** Opening The data block **
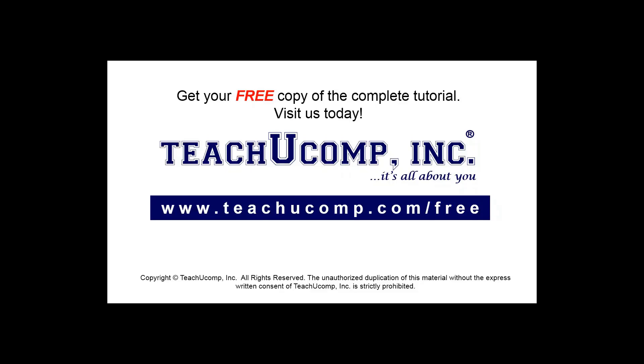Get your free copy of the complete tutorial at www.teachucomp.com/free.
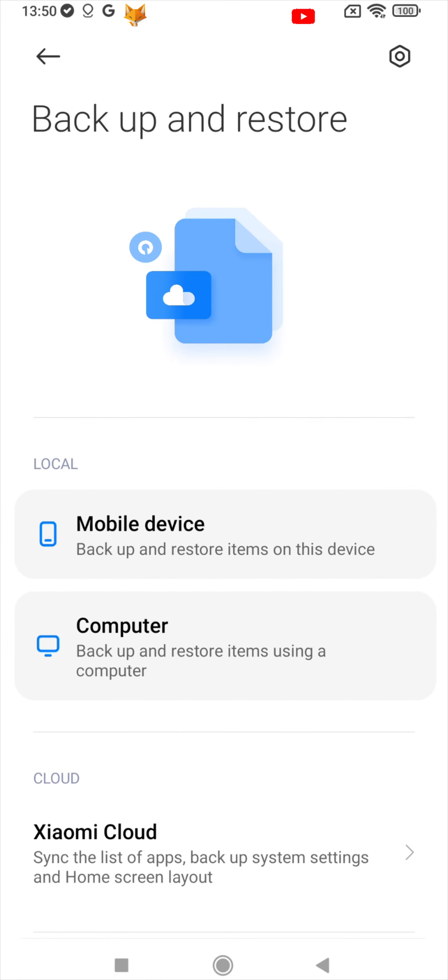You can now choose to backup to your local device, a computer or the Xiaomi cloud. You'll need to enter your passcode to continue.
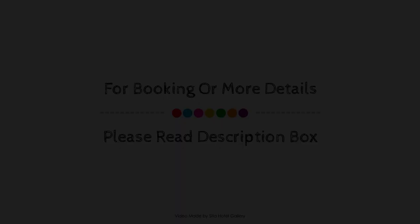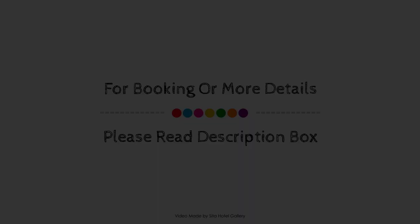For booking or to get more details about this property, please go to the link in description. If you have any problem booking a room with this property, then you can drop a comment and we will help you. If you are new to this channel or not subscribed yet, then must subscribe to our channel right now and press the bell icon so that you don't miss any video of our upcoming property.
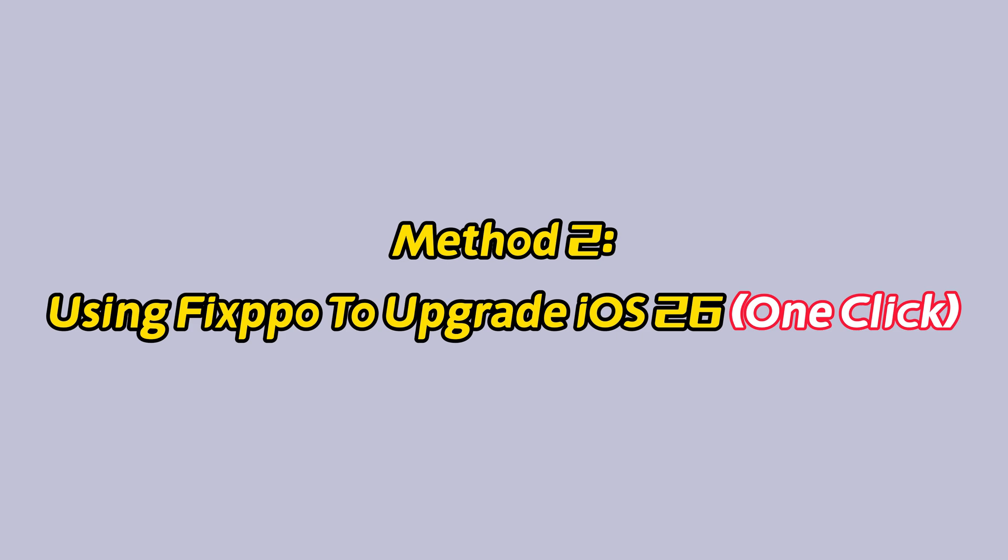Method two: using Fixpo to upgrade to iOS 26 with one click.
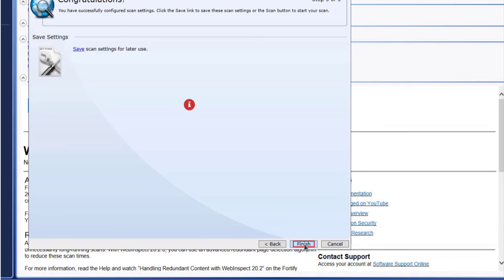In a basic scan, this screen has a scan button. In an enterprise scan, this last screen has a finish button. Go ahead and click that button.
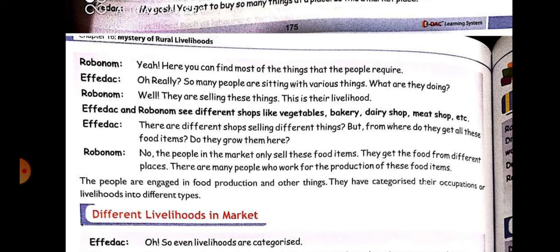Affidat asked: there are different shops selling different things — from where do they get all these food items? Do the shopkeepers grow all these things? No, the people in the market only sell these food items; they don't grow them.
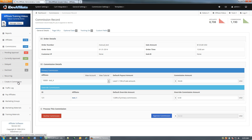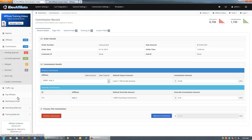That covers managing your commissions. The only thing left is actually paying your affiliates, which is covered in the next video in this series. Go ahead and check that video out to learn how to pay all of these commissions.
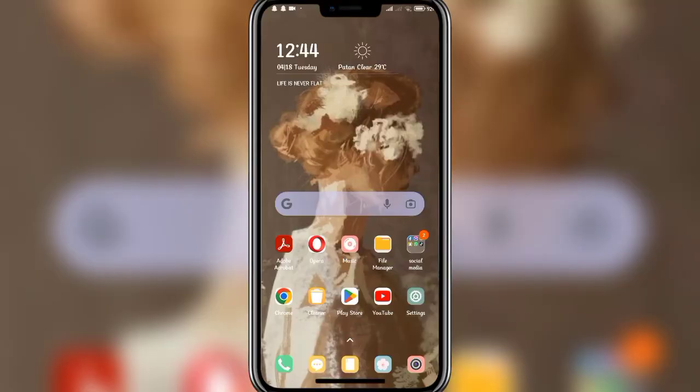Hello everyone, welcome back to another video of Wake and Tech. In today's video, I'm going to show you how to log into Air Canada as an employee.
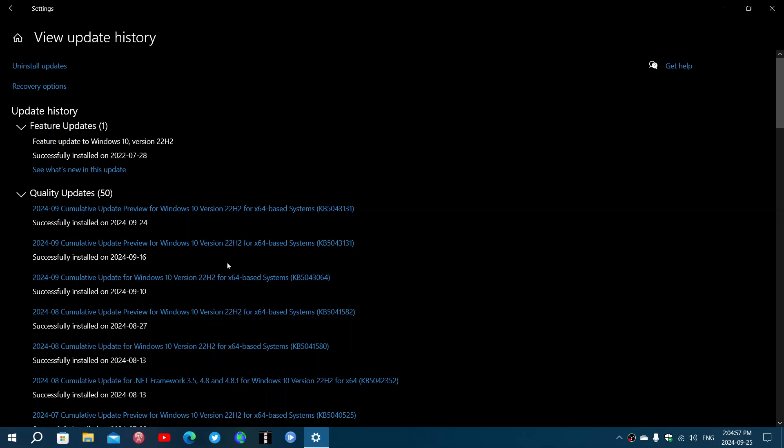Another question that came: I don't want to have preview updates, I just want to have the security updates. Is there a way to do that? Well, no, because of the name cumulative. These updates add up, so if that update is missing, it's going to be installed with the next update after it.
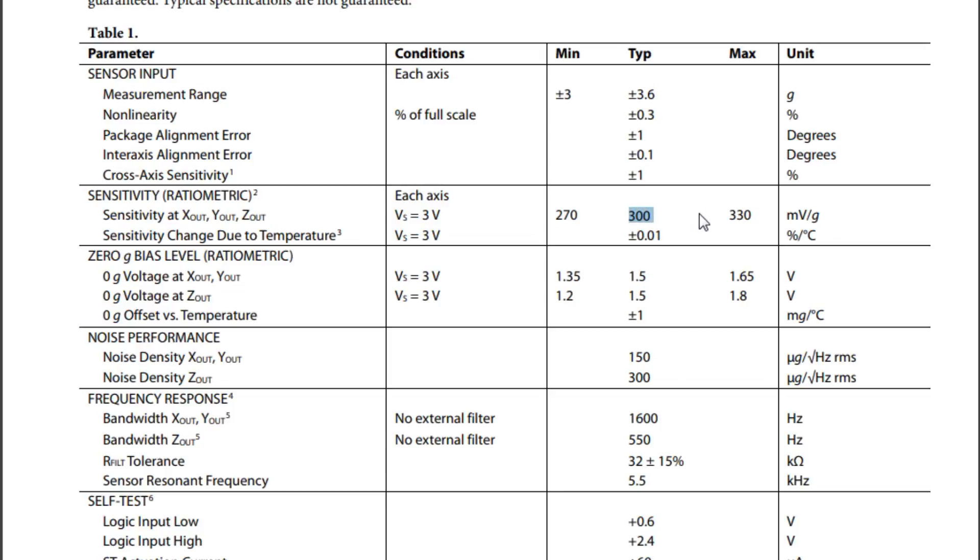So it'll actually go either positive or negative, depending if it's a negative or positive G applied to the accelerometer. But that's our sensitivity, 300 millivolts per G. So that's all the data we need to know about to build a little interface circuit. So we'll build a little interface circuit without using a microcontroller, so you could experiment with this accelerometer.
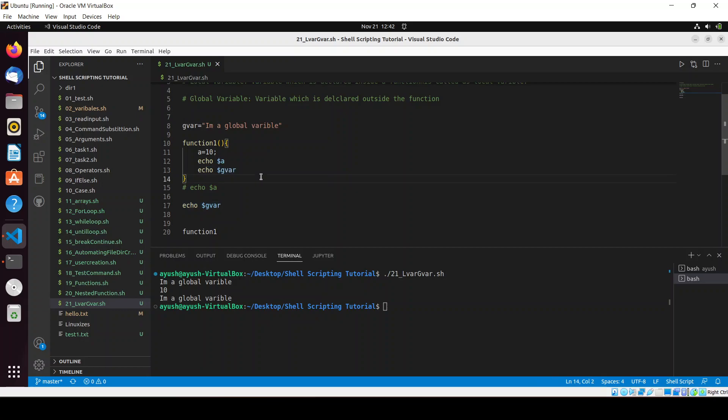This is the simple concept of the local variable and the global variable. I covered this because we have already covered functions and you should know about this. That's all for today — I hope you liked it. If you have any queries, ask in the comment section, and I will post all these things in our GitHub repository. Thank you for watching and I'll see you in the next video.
** Closing The data block **
** Opening The data block **
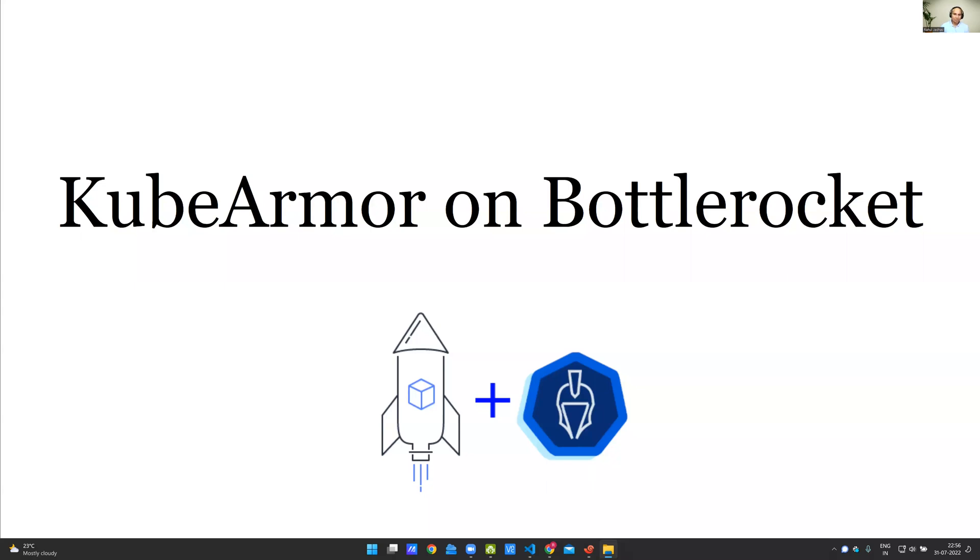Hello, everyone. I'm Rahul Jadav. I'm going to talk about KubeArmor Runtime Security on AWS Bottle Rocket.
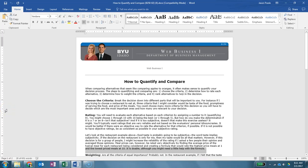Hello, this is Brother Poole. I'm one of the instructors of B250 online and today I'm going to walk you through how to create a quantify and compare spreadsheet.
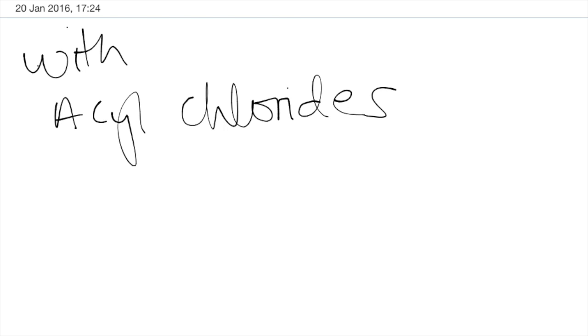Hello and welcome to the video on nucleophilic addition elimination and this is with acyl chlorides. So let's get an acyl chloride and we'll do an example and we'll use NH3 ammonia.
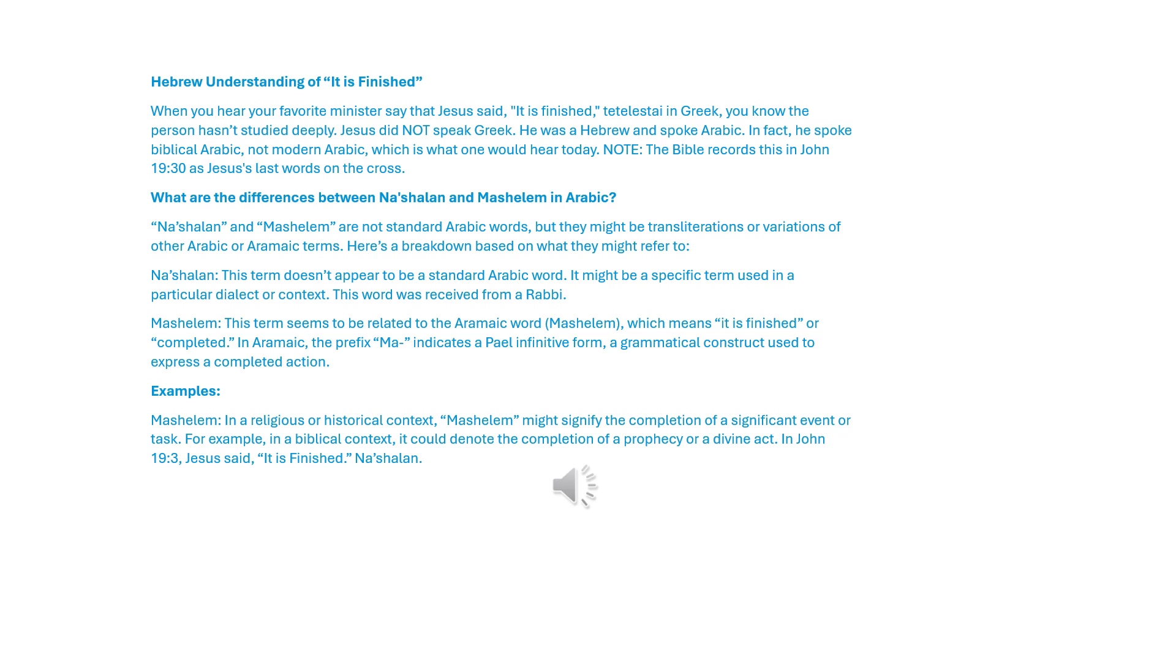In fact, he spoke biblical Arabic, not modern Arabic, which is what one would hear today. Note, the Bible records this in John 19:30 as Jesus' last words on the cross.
** Closing The data block **
** Opening The data block **
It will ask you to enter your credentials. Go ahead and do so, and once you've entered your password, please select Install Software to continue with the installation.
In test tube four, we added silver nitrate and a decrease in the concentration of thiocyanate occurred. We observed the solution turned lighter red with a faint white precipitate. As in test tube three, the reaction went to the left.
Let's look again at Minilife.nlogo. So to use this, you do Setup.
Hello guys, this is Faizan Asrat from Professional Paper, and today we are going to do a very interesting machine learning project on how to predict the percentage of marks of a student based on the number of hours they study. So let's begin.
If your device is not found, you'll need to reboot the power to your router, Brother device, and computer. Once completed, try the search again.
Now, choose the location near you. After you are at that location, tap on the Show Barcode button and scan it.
** Closing The data block **
Task item: Copy the lines above exactly, beginning at the line that has "Hello guys, this" and stopping after the line that has "Now, choose the", and omit the rest.

Your solution:
Hello guys, this is Faizan Asrat from Professional Paper, and today we are going to do a very interesting machine learning project on how to predict the percentage of marks of a student based on the number of hours they study. So let's begin.
If your device is not found, you'll need to reboot the power to your router, Brother device, and computer. Once completed, try the search again.
Now, choose the location near you. After you are at that location, tap on the Show Barcode button and scan it.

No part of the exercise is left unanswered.